Baseball is a remarkably unfair game, exacerbated by the fact that it’s run by a bunch of Al Pacino’s spawn from The Devil’s Advocate. Here’s the first of a semi-regular series this season on baseball’s most heartless organizations. Batter up, O’s.

Written by Kyle Magin

Baseball players are human beings. It’s true! They drink, chew, weep, suffer from broken hearts and mature at different paces. You can forget that when looking at guys, constantly, like they’re a superhero body filled with OPSes and ERAs and HRs and WHIPs.

The Baltimore Orioles have forgotten about the humanity of outfielder Hyun-Soo Kim, who’s newly imported from the Korean Baseball Organization. Kim logged 45 at-bats in spring training, hitting .178 and generally underwhelming at the plate if you assessed him only on paper. Apparently paper was Baltimore’s only consideration when they asked him to go down to the minors, a request Kim denied because he negotiated his two-year, $7 million contract well.

The Baltimore brain trust got what it had coming when Kim told them to sit and spin.
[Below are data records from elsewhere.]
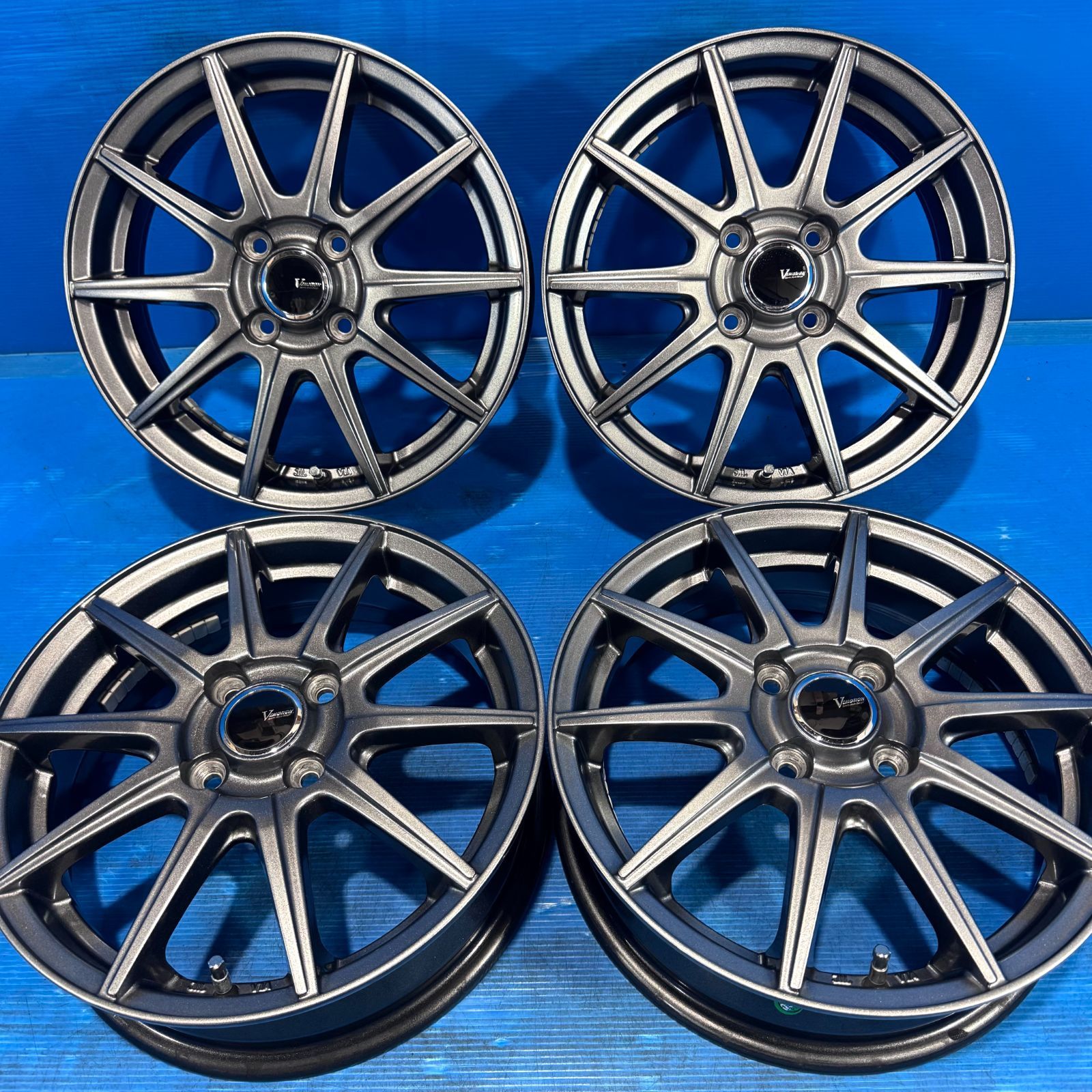 美品 インターミラノ V-Emotion 15インチ 4本 4.5J+45 4H 100 ガンメタ 軽自動車 N-BOX タント スペーシア ワゴンR インチアップ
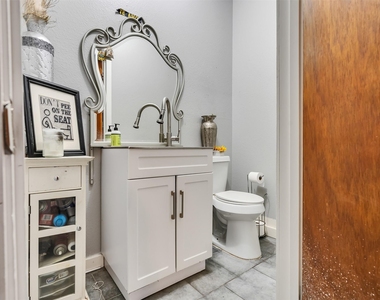 815 Avenue G - Photo Thumbnail 18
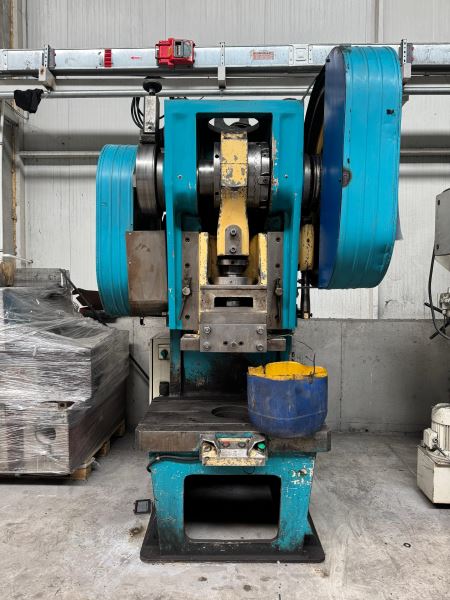 125 TON C TİPİ EKSANTRİK PRES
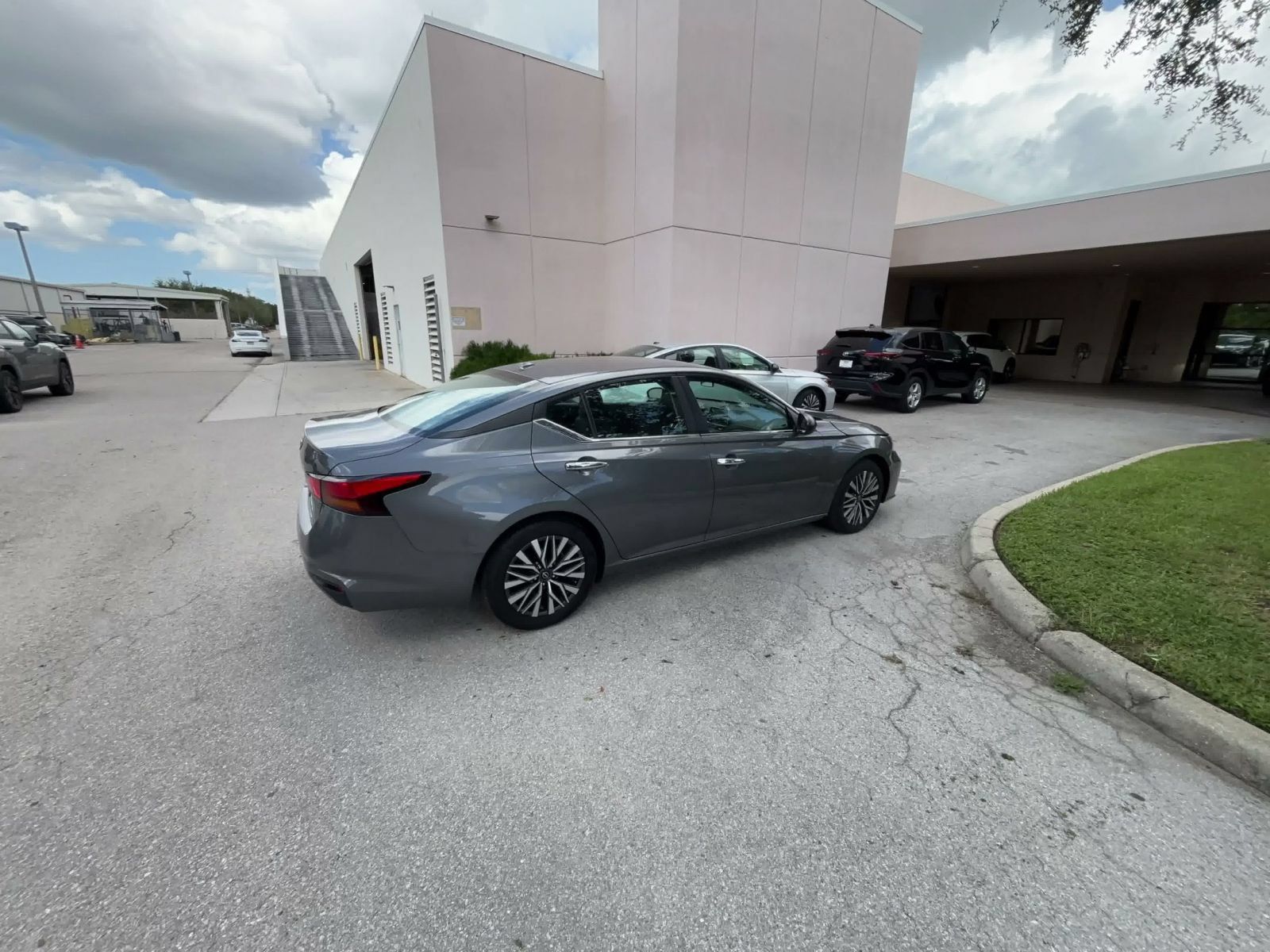 Used 2025 Nissan Altima 2.5 SV FWD image 13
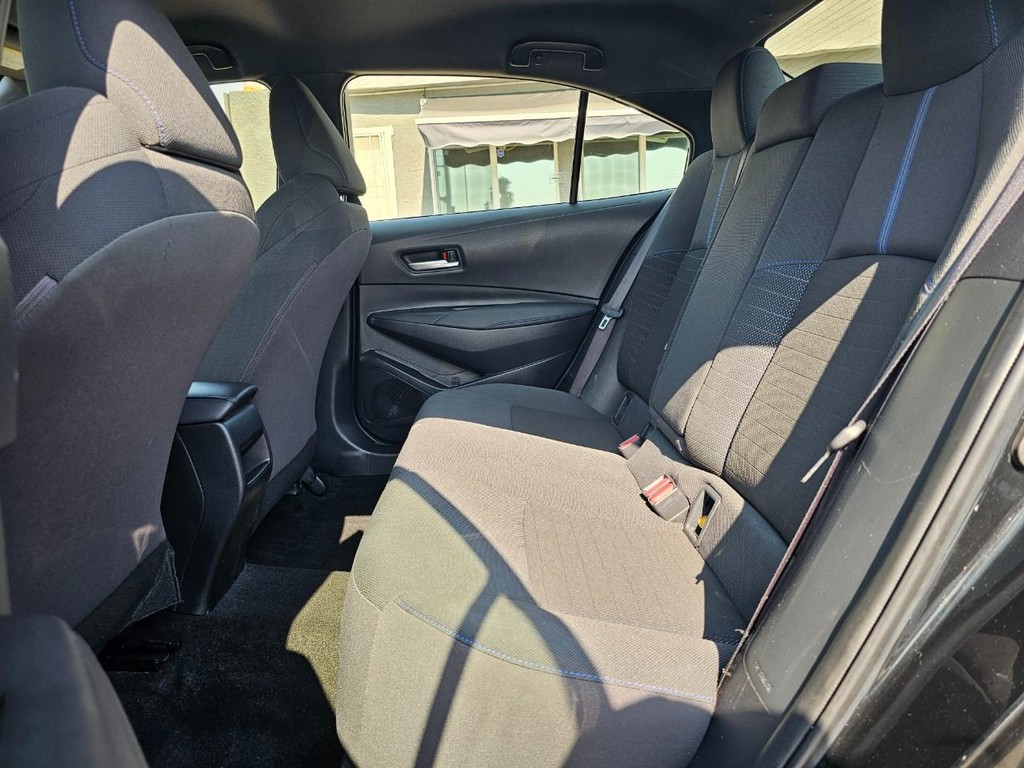 Toyota Corolla Vehicle Full-screen Gallery Image 24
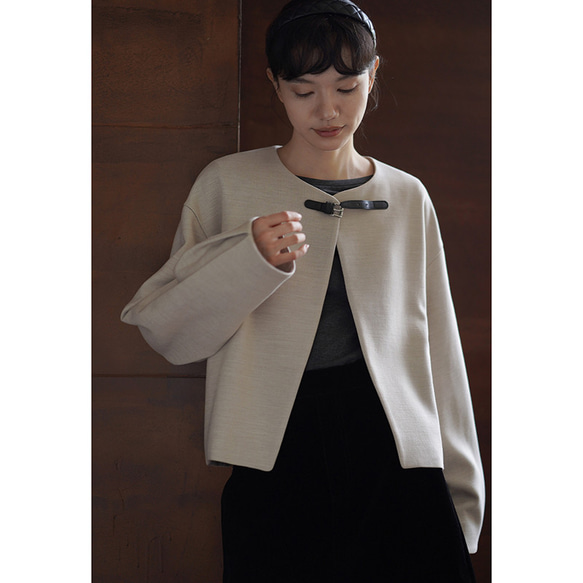 上品なテクスチャーが魅力のウール混紡ジャケット。あしらわれたレザーループが、日常の装いにさりげないアクセントを。#779 6枚目の画像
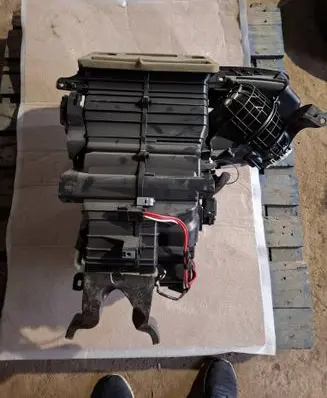 Ford B-MAX Interior heater climate box assembly AV1119B555CC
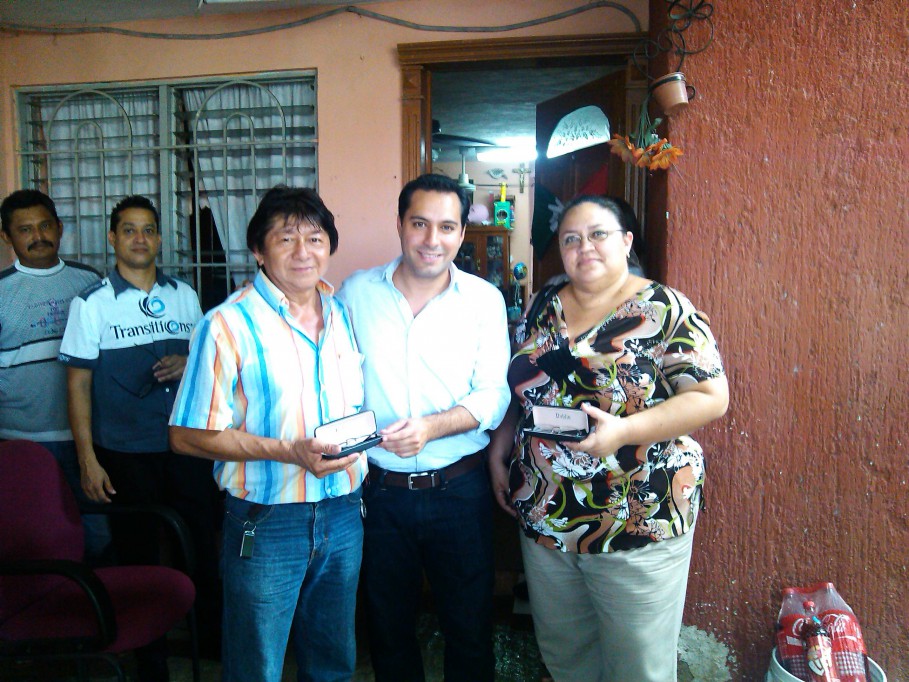 El programa “Ver bien con Vila” llega a la colonia Juan Pablo II El programa “Ver bien con Vila” llega a la colonia Juan Pablo II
You don’t bring a non-English speaking foreigner to America, give him two-and-a-half-weeks worth of at-bats, give up and send him to Norfolk. There obviously was a miscommunication between the front office who signed Kim and Manager Buck Showalter, who apparently wants nothing to do with playing him. Put yourself, honestly, in his shoes and try not to feel at least pissed, if not also hurt, scared and confused.

O’s, you signed Kim because you liked what he did over in Korea (28 homeruns last year!) and you should never sign any baseball player you’re not willing to ride out a slump with.

You should give a 28-year old who is learning a new language, in a new league, against new pitchers, more than four fucking weeks to figure it out, especially when you negotiated the bit of the contract that lets him stay in the bigs.

If you’re not willing to do that, then you’re the most heartless organization in baseball, and the dumbest!